Instructions to follow:
Word for word, restate the lines of the data below between those holding "On those colder" and "All you need", inclusive; pictures do not belong in the copy.

Input material:
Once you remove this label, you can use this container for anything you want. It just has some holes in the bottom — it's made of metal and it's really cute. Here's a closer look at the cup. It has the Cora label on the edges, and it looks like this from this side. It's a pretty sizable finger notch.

==

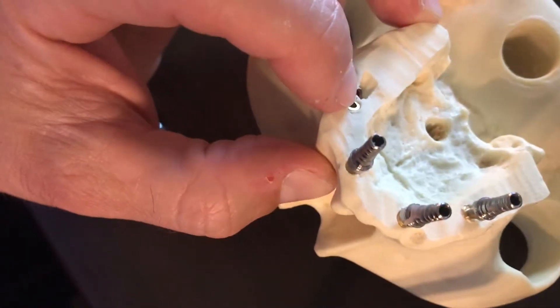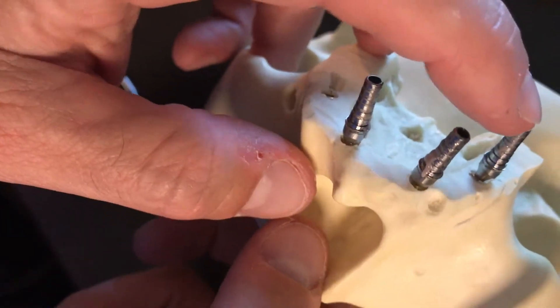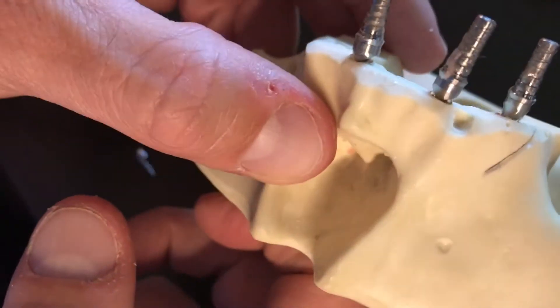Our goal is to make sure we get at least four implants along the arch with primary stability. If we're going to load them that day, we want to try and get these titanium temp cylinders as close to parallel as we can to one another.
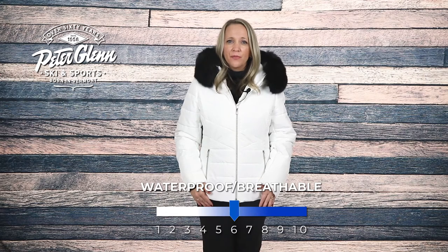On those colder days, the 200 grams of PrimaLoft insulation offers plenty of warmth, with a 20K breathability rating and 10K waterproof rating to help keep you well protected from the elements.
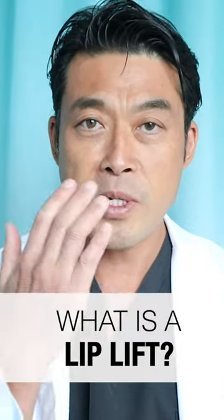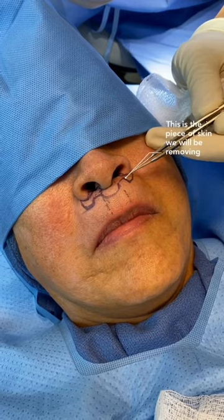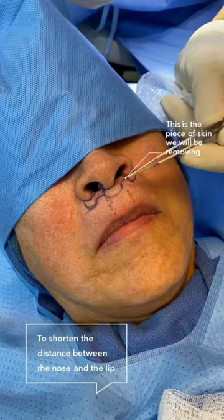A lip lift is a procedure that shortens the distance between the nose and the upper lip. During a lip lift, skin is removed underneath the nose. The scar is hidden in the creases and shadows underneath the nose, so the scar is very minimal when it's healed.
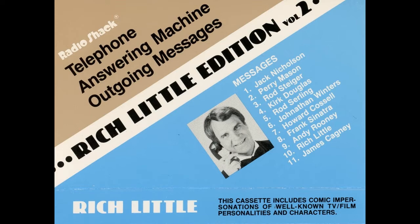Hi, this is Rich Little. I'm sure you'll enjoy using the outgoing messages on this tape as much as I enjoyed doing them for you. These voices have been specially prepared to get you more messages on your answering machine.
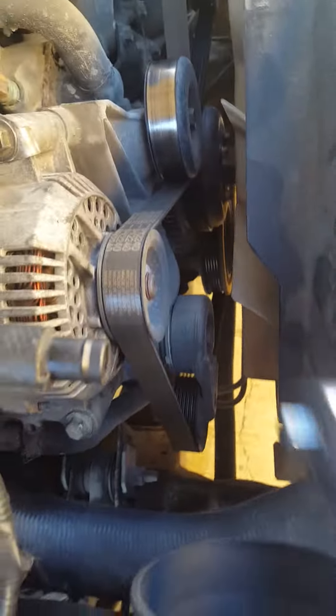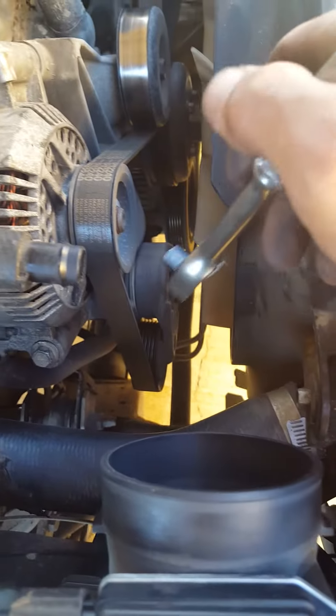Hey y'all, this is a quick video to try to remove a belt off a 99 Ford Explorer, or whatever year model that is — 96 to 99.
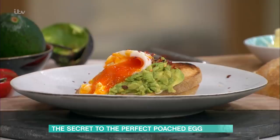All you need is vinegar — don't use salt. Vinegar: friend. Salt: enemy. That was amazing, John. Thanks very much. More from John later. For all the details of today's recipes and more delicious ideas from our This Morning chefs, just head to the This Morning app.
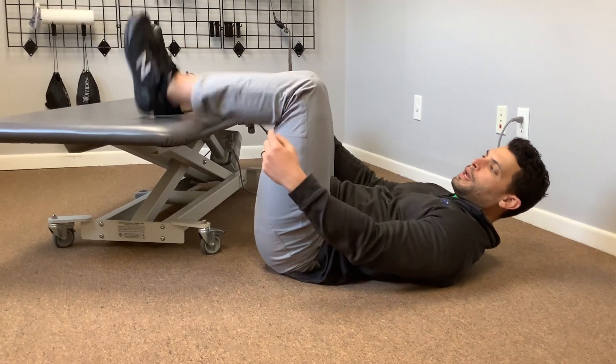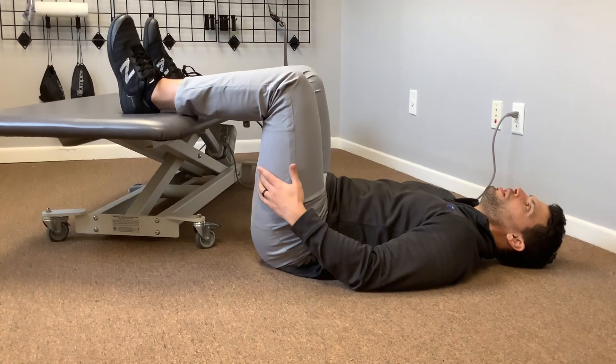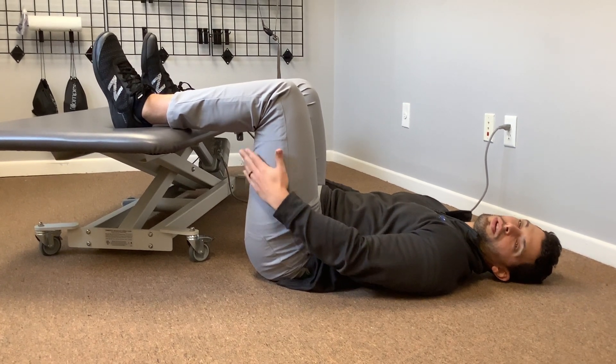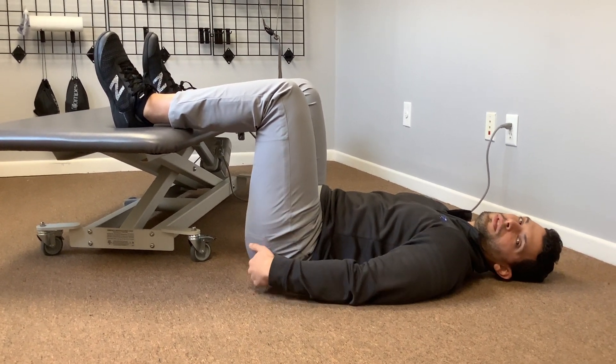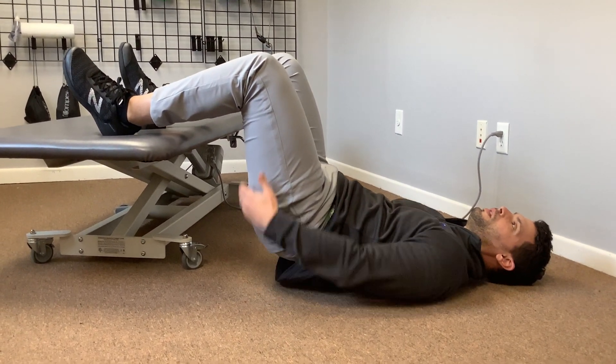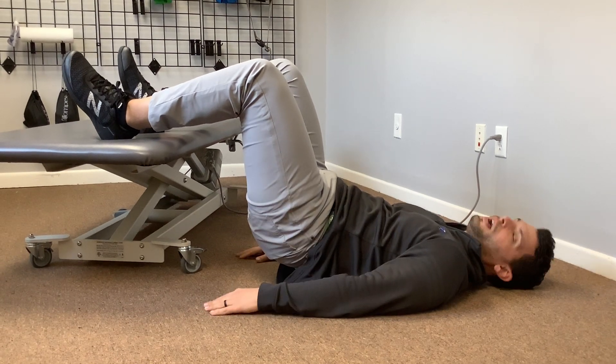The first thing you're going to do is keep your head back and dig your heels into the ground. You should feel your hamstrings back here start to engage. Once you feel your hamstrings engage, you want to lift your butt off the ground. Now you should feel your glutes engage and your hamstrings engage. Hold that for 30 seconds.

Exercise output:
On those colder days, the 200 grams of PrimaLoft insulation offers plenty of warmth, with a 20K breathability rating and 10K waterproof rating to help keep you well protected from the elements.
A lip lift is a procedure that shortens the distance between the nose and the upper lip. During a lip lift, skin is removed underneath the nose. The scar is hidden in the creases and shadows underneath the nose, so the scar is very minimal when it's healed.
Hi, this is Rich Little. I'm sure you'll enjoy using the outgoing messages on this tape as much as I enjoyed doing them for you. These voices have been specially prepared to get you more messages on your answering machine.
Hey y'all, this is a quick video to try to remove a belt off a 99 Ford Explorer, or whatever year model that is — 96 to 99.
All you need is vinegar — don't use salt. Vinegar: friend. Salt: enemy. That was amazing, John. Thanks very much. More from John later. For all the details of today's recipes and more delicious ideas from our This Morning chefs, just head to the This Morning app.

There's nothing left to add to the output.